Hace poco más de cinco meses, el 3 de julio pasado, el cobre llegaba a su máxima cotización nominal de la historia, al transarse en US$ 4,07 por libra.
Entonces nadie creía que hoy, cinco meses después, esa cifra caería casi 70%, sorprendiendo prácticamente a todas las productoras de cobre con costos productivos por sobre ese valor.
En el marco de una crisis financiera internacional que cada día se complica más, la demanda de cobre está cayendo fuertemente y los mercados acumulan inventarios a razón de 1%, incluso 2% más, cada día. El viernes, de hecho, éstos aumentaron en 125 toneladas, con lo que la acumulación de stocks en las bolsas de metales llega al equivalente a 7,2 días de consumo.
En las bolsas hay inventarios por 365 mil toneladas de cobre, lo que equivale a, por ejemplo, la producción en un año de una operación del tamaño de Minera Los Pelambres.
Según la Comisión Chilena del Cobre (Cochilco), el quiebre del precio bajo el soporte de los US$ 3 mil por tonelada (unos US$ 1,36 la libra), establece un nuevo piso de US$ 2.700 la tonelada (US$ 1,22), «correspondiente al peak observado a mediados de los años noventa», señala.
Malos datos
Según Juan Alberto Molina, de Contexto Consultores, malos datos económicos influenciaron al mercado del cobre, a lo que se suma la debilidad que muestra el petróleo, y configuraron un escenario de pesimismo en un marco donde, casi todos los días, las noticias son malas y afectan al precio.
Entre los datos que afectaron al cobre destaca la recuperación del dólar frente a monedas como el yen y el euro, y malas noticias sobre la producción en Alemania.
Insólita reacción
¿Quién se iba a imaginar que cuando la bencina subía de $700 por litro, hoy estaría en $400? La variación ha ido de la mano con el precio del petróleo, que el viernes llegó a transarse en US$ 33,87 por barril, tras perder otro 6,49% en su variedad WTI, que es referencia para el mercado chileno.

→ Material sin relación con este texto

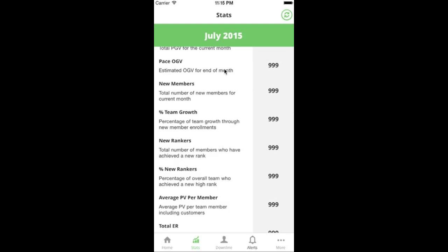Pace OGV is now getting into some good calculated stats. Pace OGV is the predicted OGV you'll have at the end of the month if you keep the same pace. For example, in a 30-day month if on day 10 your OGV is 10,000, then pace OGV would be 30,000 — because if you got 10,000 in the first 10 days at the same pace you'd end up with 30,000 by month end. Our pace is usually a bit higher because we process ER orders early in the month, and you'll learn what your cadence is over time.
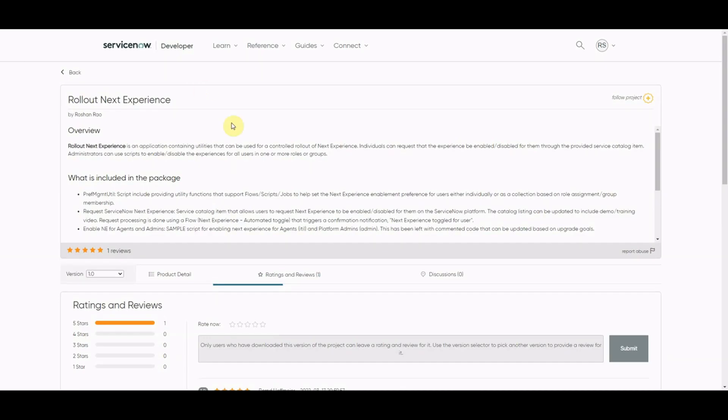So there is an application on the store, or a store app that you can download, and that is the rollout next experience. Now, admittedly, I haven't downloaded this, but it looks really cool. And I think it's essentially a catalog item that allows users to request the experience, and you can switch on and off based on that request. And I think it's a really good idea. Credit to Rosham Rao from ServiceNow for doing this. I think it's a really good idea. So I would urge you to go and check it out and have a play. I think if I get time, I'll do a quick review on it. But I think it's a great idea. Well done ServiceNow on that one.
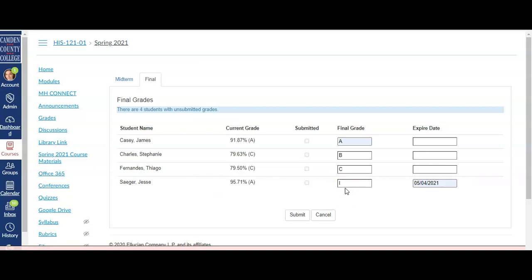If any students are receiving an incomplete, put an I in as their grade and then enter the date they have to have completed the course by in the Expire Date column.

El de el viernes fue, además, el valor de término más bajo desde el 10 de febrero de 2004, es decir, casi cinco años. El mínimo valor del día, en tanto, fue de US$ 32,4 el barril.
Esto, a pesar de un recorte productivo programado por la Opep. «Lo más relevante en el sentimiento de los operadores es el mínimo impacto del acuerdo de la Opep para reducir la producción de petróleo en 2,2 millones de barriles diarios, en un esfuerzo para equilibrar la oferta. Esto ha impactado fuertemente en el mercado de las materias primas, ya que se trata de una reacción bastante insólita», dice al respecto Molina.
Poca relevancia del precio diario en la operación minera
Aunque para los mineros el precio del cobre es un indicador que deben consultar todos los días, en rigor nunca se paga ese precio en una transacción de mineral. Esto, al menos, para las más grandes que operan en Chile.
El precio diario es poco relevante para la situación comercial de las empresas. En el caso de Codelco, cada vez que se exporta un embarque reciben a cambio el promedio del precio al mes siguiente del envío. Por tanto, por el cobre que Codelco envió el 10 de septiembre (por ejemplo), cuando el cobre estaba en US$ 3,11, lo que recibió tomaba como referencia un precio de US$ 2,2 la libra. Es decir, un tercio menos.
A muchas de las privadas sus clientes les pagan a un plazo aún mayor y que llega, en algunos casos, a los cuatro meses.
Tonelada y no libra
El mercado de la Bolsa de Metales de Londres (LME, por sus siglas en inglés) cotiza en toneladas, y no en libras, que es una forma de expresar el valor propia del mercado chileno. El viernes, por ejemplo, el cierre fue de US$ 2.821 por tonelada, traspasando la temida barrera de los US$ 3 mil.
Precisamente, las llamadas «barreras» son en toneladas y no en libras. El cobre, en el «idioma» del mercado cuprero a nivel internacional, nunca traspasa la barrera de, por ejemplo, US$ 1 por libra (US$ 2.204,64 la tonelada) sino que, tal vez, la de los US$ 2 mil (US$ 0,9 la libra).